For example, if a car is understeering mid corner, one solution would be to either lower the front roll centre or raise the rear roll centre height. Likewise, if the car is experiencing oversteer mid corner, the front roll centre could be raised and the rear roll centre position could be lowered.

For a front wheel drive car, the front roll centre will generally be lower down than the rear roll centre. Also, for a rear wheel drive car the rear roll centre will often be lower than the front roll centre. This gives the driven wheels more roll and therefore more grip through the corner. A four wheel drive car will tend to have roll centres at a similar height front to rear. They will be tuned from this position to distribute more or less roll to the front or rear axles.

__Front Wheel Drive__

__Rear Wheel Drive__

When the two roll centres are joined together by a line from the side view (the neutral roll axis) it will either incline towards the rear or decline towards the rear. A car that has an inclining NRA towards the rear, like most front wheel drive cars, will tend to lift a rear wheel during cornering if the angle is steep enough.

If the NRA is declining towards the rear of the car, like in the application of a rear wheel drive car, then the car will tend to lift the inside front wheel during cornering if the angle is steep enough once again. Lifting wheels does also depend on the roll stiffness of the roll bars and coils spring rates as well but as most race cars are stiff enough to lift wheels it proves to be a good visual representation to remember which way the roll centres should be set up on your car.

A lot of motorsport data suggests an ideal range for roll centres to sit within for non-aero vehicles. The reason it applies to non-aero vehicles is because when an aero car is driving, the downforce deflects the suspension geometry in such a way that the roll centres move. Therefore, they are designed in such a way that the ideal roll centre positions are achieved when the car is driving and the aero is effective on the geometry. The ideal roll centre position range that can be used to begin your set up is between 15% and 30% of the height of your centre of gravity height. Some race cars with extreme amounts of lateral grip can move closer to the centre of gravity position but these figures are a good starting point to set your car up to and tune from.

__Front Wheel Drive__

__Rear Wheel Drive__

__Four Wheel Drive__

There a couple of good techniques to adjust the roll centre position of your front and rear axles. One technique is to adjust your ride heights. Adjusting the ride height will alter the angles of the suspension arms. The angle changes will result in movements of the roll centres up and down. This technique is the easiest option but it does also alter the static mass on the wheels which could cause issues if the car is corner weighted to perfection. The other option is to alter the mounting points of your suspension arms to alter the angles of them where they mount to the hub or chassis. With some designs this can be done easily with the use of spacers. On other designs it could require upright or subframe modifications.
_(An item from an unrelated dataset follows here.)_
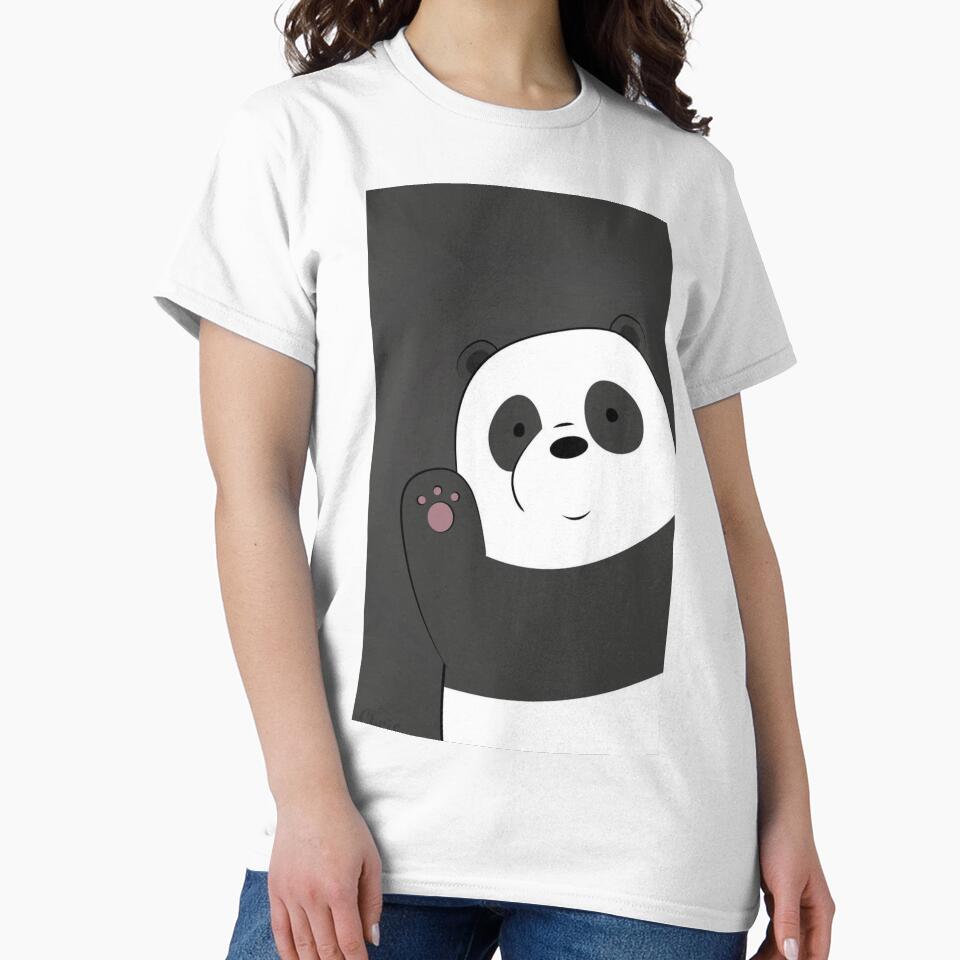 Cute panda by GraphicMondaze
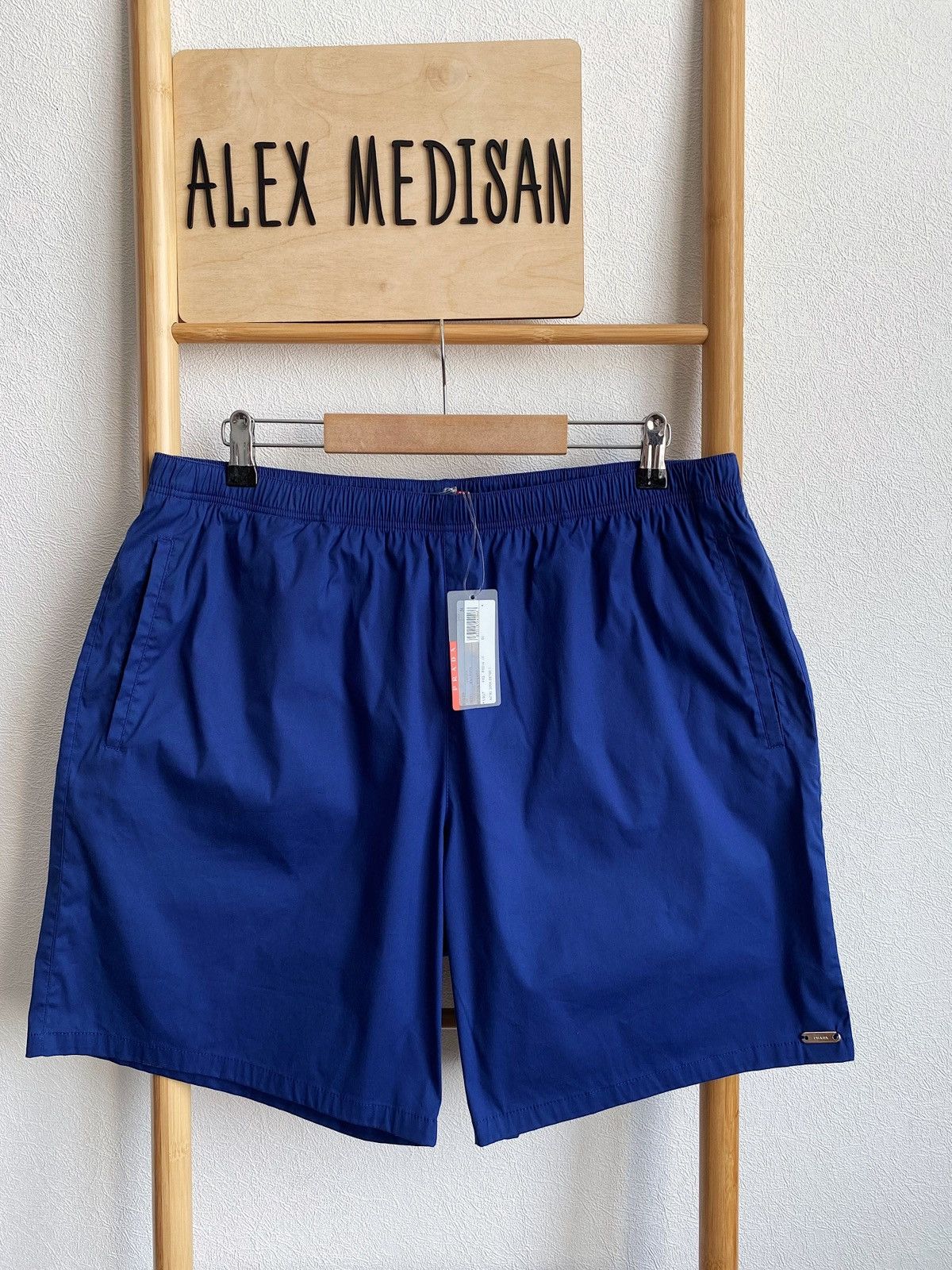 Prada Prada swim shorts Size US 38 / EU 54 - 1 Thumbnail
The best way to find what angles your arms need to be at to create the ideal roll centres is to draw the front and rear suspension systems in CAD. This way the ride heights and pick up points can all be altered on the computer quickly and easily before you begin working on the car.

__How Can This Information Be Used Practically?__

With the above information you can now draw the angle of roll on the scale sketch from earlier. Draw a line horizontally out from the roll centre position to the wheel. Then draw a line above and below that line at 0.69 degree angles from the horizontal line until they meet the wheel. The vertical height difference of these points is the amount of roll at the wheel which will be able to allow you to imagine how much roll that is.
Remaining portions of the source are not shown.